The Lumineers arrive on the indie folk-rock scene in step with their generation’s philosophies on where sincere music belongs

From Nashville Scene:

A couple decades ago, no self-conscious, authenticity-flaunting Gen X alt-rocker would’ve enthusiastically described a scene like the one you’re about to read. Wesley Schultz, on the other hand, has no problem pinpointing the fairly recent night that he first heard his band’s song “Ho Hey” used in a Bing commercial.

“We were eating dinner at a friend’s house and washing some dishes after we were finished,” Schultz says with the weary amiability of a guy swept up in his first whirlwind schedule of press and performances. “We were home from tour. We hadn’t watched much TV on tour. So that was the first time, and it was really kind of surreal and funny. Kind of made me laugh, to be standing there and have that music being played.”

Schultz is the lead singer and guitarist for the rapidly rising indie folk-rock act The Lumineers.
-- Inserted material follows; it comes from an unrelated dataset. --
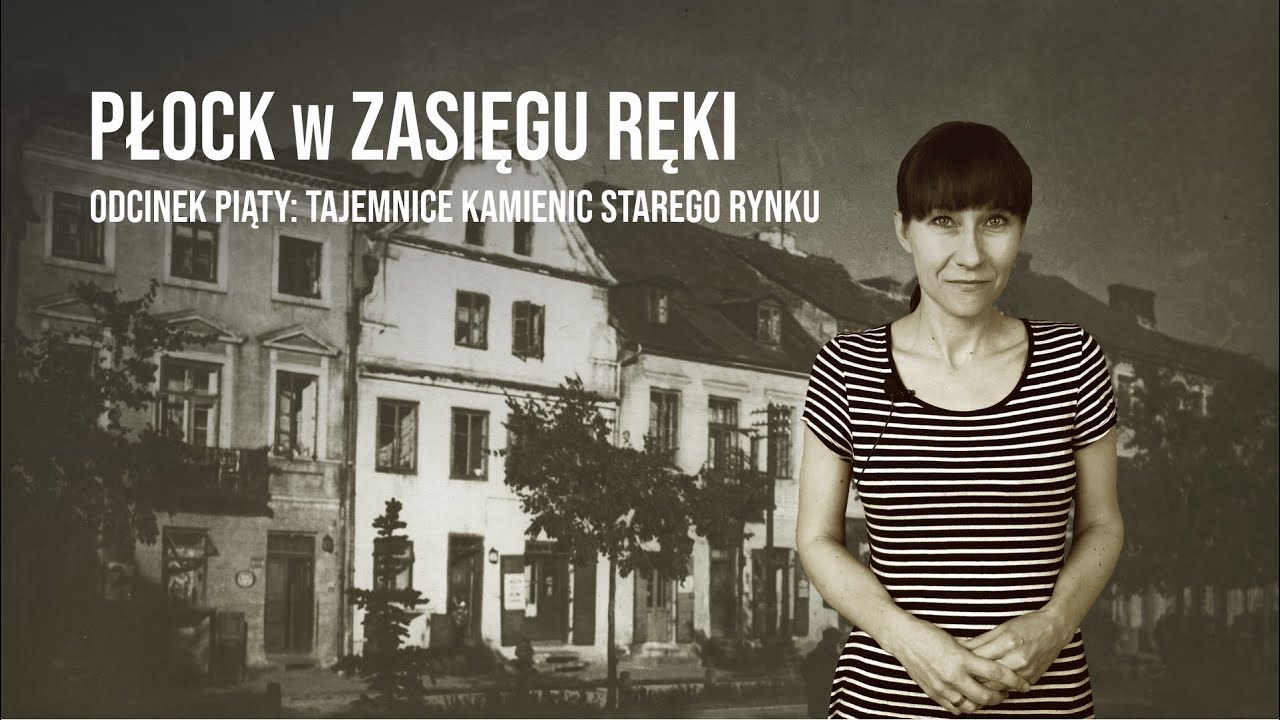 Płock w zasięgu ręki #5. Tajemnice kamienic Starego Rynku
Their self-titled debut album came out on Nashville’s Dualtone Records in early April. And in much the same way that an iPod Nano ad did wonders for Feist and her swinging little pop ditty “1234,” Schultz and his bandmates Jeremiah Fraites and Neyla Pekarek’s decision to license their song for a 30-second spot promoting the search engine is no doubt one reason that it currently sits at No. 1 on Billboard’s Heatseekers Songs chart.

The Lumineers are of a generation of music-makers and listeners for whom the explicitly commercial use of a track doesn’t mean the song can’t also be experienced as a genuinely heartfelt composition. There are exceptions — like the duo Beach House refusing a licensing request from Volkswagen, who then used a sound-alike song in their ad — but generally speaking, the well-below-40 set is open to as many possible avenues of experiencing music as anyone who’s yet faced the decisive reign and subsequently fading influence of the full-length album. Hand-wringing over keeping artistry and accessibility completely separate from sustainability and profitability seems almost passé. And it just so happens that on the other side of the equation, a lot of companies crave an association with indie-sounding music and its connotations of youthful creativity.